* _Action item_: Print the listing that follows, character for character.

-=-=-=-=-

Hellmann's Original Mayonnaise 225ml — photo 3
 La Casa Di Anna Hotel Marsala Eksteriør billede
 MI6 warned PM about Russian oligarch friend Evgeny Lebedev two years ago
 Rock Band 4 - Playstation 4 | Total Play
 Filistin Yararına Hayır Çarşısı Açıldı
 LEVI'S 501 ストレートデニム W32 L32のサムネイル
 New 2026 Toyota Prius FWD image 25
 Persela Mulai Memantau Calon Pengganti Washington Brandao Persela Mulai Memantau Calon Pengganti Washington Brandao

-=-=-=-=-

* _Solution_:
Hellmann's Original Mayonnaise 225ml — photo 3
 La Casa Di Anna Hotel Marsala Eksteriør billede
 MI6 warned PM about Russian oligarch friend Evgeny Lebedev two years ago
 Rock Band 4 - Playstation 4 | Total Play
 Filistin Yararına Hayır Çarşısı Açıldı
 LEVI'S 501 ストレートデニム W32 L32のサムネイル
 New 2026 Toyota Prius FWD image 25
 Persela Mulai Memantau Calon Pengganti Washington Brandao Persela Mulai Memantau Calon Pengganti Washington Brandao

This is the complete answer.